C’est là que commence l'enquête de Claire le Renard. Les études sociales des sciences et techniques nous donnent des clés pour enquêter sur un projet fermé : il apparaît qu’en 1997, tous les supports de Superphénix avaient disparu, et c’est cette déstabilisation qu’il s’agit d’élucider. La mémoire collective des acteurs de ce projet, si puissante aujourd'hui, fait l’objet d’un premier chapitre qui raconte leur attachement à la vision du futur énergétique d’abondance, à la beauté des savoirs-faire techniques, à la communauté qu’ils formaient dans le Sud-Est de la France. La suite de l’ouvrage est consacrée à la constitution de l’édifice par lequel tenait Superphénix, au-delà de ce groupe professionnel : un assemblage de sciences et techniques en train de se faire, d’expertise et savoirs-faire sur l’ingénierie des projets, de débats sur la frontière entre science et industrie, convoquant les sciences physiques, l’économie, et d’autres disciplines à l’appui – ces débats se jouant dans des arènes dont la pluralité et l’ouverture ont évolué au cours des trois décennies de la vie du projet.

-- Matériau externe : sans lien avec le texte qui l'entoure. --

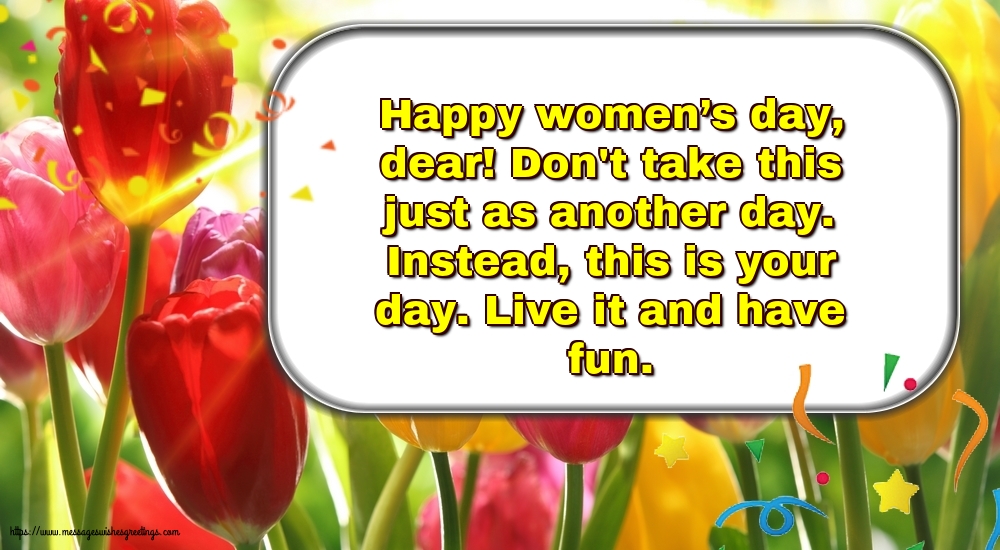 Greetings Cards for Women's Day - Happy women’s day, dear! - messageswishesgreetings.com
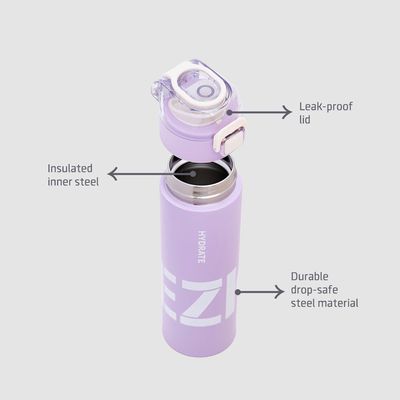 Eazy Kids Insulated Travel Water Bottle - Purple, 550ml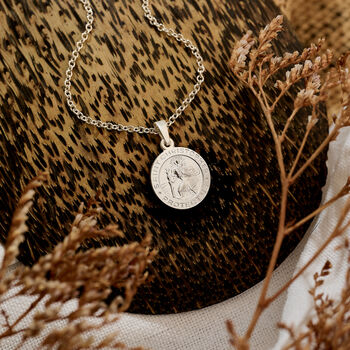 Personalised St Christopher Small Silver Necklace, 3 of 12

Cette histoire est importante, car le récit des années 2020 qui ne cite que les « succès » des premiers prototypes du CEA et des réacteurs russes, indiens et chinois occulte les éléments du débat scientifique, économique et politique qui ont conduit à ce que, dans les pays occidentaux, ces réacteurs tout à fait séduisants et prometteurs aient été abandonnés. Ce n’est pas un gouvernement français, seul contre la tendance mondiale, qui aurait eu le mauvais goût d’arrêter Superphénix en 1997 par une décision hâtive à la suite d’un changement de majorité : c’est un assemblage d’expertises ouvertes, menées en France dans les années 1990, en convoquant des scientifiques du CNRS, des auditeurs de la Cour des Comptes, et des experts associatifs, sans oublier les directions des organismes concernés.